We use the following modules and environments on the system ($HOME/warpx_gcc10.profile).

Listing 15 You can copy this file from Tools/machines/ookami-sbu/ookami_warpx.profile.example.
# please set your project account (not relevant yet)
#export proj=<yourProject>

# required dependencies
module load cmake/3.19.0
module load gcc/10.3.0
module load openmpi/gcc10/4.1.0

# optional: faster builds (not available yet)
#module load ccache
#module load ninja

# optional: for PSATD support (not available yet)
#module load fftw

# optional: for QED lookup table generation support (not available yet)
#module load boost

# optional: for openPMD support
#module load adios2  # not available yet
#module load hdf5    # only serial

# compiler environment hints
export CC=$(which gcc)
export CXX=$(which g++)
export FC=$(which gfortran)
export CXXFLAGS="-mcpu=a64fx"

We recommend to store the above lines in a file, such as $HOME/warpx_gcc10.profile, and load it into your shell after a login:

source $HOME/warpx_gcc10.profile

Then, cd into the directory $HOME/src/warpx and use the following commands to compile:

cd $HOME/src/warpx
rm -rf build

cmake -S . -B build -DWarpX_COMPUTE=OMP -DWarpX_DIMS="1;2;3"
cmake --build build -j 10

# or (currently better performance)
cmake -S . -B build -DWarpX_COMPUTE=NOACC -DWarpX_DIMS="1;2;3"
cmake --build build -j 10

The general cmake compile-time options apply as usual.
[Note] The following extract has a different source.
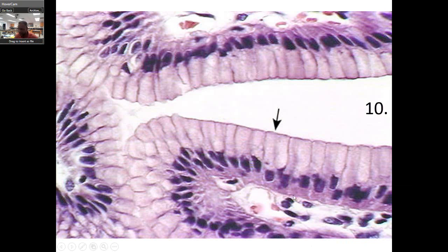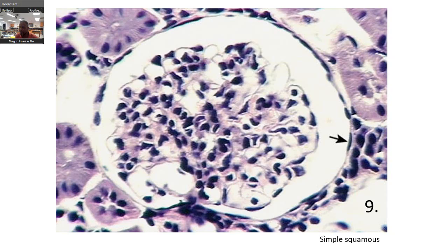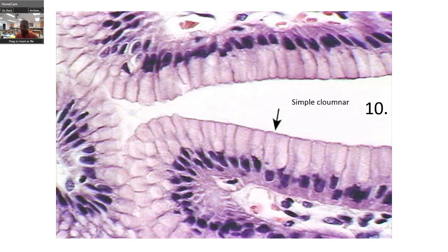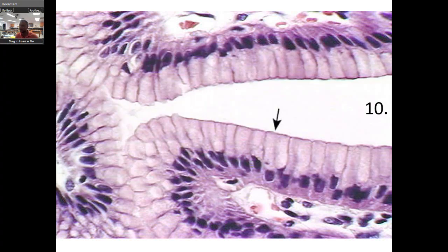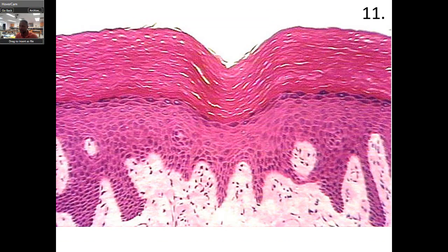Now take a look at this. See the nuclei — uniform. You don't see any cilia coming out. What do you think it is? That is simple columnar. Here's the apical surface, lumen, and basement membrane. This down here is actually connective tissue.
That’s it! A 3D WarpX executable is now in build/bin/ and can be run with a 3D example inputs file. Most people execute the binary directly or copy it out to a location in /lustre/scratch/<netid>.


For running on 48 cores of a single node:

srun -p short -N 1 -n 48 --pty bash
OMP_NUM_THREADS=1 mpiexec -n 48 --map-by ppr:12:numa:pe=1 --report-bindings ./warpx inputs

# alternatively, using 4 MPI ranks with each 12 threads on a single node:
OMP_NUM_THREADS=12 mpiexec -n 4 --map-by ppr:4:numa:pe=12 --report-bindings ./warpx inputs

The Ookami HPE Apollo 80 system has 174 A64FX compute nodes each with 32GB of high-bandwidth memory.

Additional Compilers

This section is just a note for developers. We compiled with the Fujitsu Compiler (Clang) with the following build string:

cmake -S . -B build                              \
   -DCMAKE_C_COMPILER=$(which mpifcc)            \
   -DCMAKE_C_COMPILER_ID="Clang"                 \
   -DCMAKE_C_COMPILER_VERSION=12.0               \
   -DCMAKE_CXX_COMPILER=$(which mpiFCC)          \
   -DCMAKE_CXX_COMPILER_ID="Clang"               \
   -DCMAKE_CXX_COMPILER_VERSION=12.0             \
   -DCMAKE_CXX_FLAGS="-Nclang"                   \
   -DAMReX_DIFFERENT_COMPILER=ON                 \
cmake --build build -j 10

Note that the best performance for A64FX is currently achieved with the GCC or ARM compilers.